### TASK DIRECTIONS:
Every line of the data that includes "Letter" should be copied out.

Brief descriptive captions:
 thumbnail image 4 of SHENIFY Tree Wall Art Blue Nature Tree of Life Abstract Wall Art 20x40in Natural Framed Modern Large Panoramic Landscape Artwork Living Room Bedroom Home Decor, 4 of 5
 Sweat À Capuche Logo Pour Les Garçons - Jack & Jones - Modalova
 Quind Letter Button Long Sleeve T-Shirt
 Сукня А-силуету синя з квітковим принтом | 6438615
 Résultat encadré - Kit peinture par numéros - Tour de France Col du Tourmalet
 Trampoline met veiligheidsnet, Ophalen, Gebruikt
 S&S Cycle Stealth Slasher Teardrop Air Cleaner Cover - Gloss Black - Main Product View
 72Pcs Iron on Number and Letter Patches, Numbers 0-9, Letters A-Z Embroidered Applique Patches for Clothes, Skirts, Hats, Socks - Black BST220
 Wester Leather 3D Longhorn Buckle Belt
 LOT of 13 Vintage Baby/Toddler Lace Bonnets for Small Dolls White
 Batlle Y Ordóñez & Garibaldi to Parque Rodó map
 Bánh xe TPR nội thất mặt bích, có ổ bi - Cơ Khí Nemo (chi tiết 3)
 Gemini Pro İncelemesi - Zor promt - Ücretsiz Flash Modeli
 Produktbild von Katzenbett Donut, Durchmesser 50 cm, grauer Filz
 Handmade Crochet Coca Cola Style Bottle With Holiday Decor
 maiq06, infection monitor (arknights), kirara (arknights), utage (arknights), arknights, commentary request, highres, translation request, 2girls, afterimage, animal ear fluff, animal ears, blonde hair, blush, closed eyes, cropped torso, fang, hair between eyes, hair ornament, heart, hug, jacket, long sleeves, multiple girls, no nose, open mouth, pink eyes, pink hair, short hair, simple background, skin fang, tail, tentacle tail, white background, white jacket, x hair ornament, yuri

### ANSWER:
 Quind Letter Button Long Sleeve T-Shirt
 72Pcs Iron on Number and Letter Patches, Numbers 0-9, Letters A-Z Embroidered Applique Patches for Clothes, Skirts, Hats, Socks - Black BST220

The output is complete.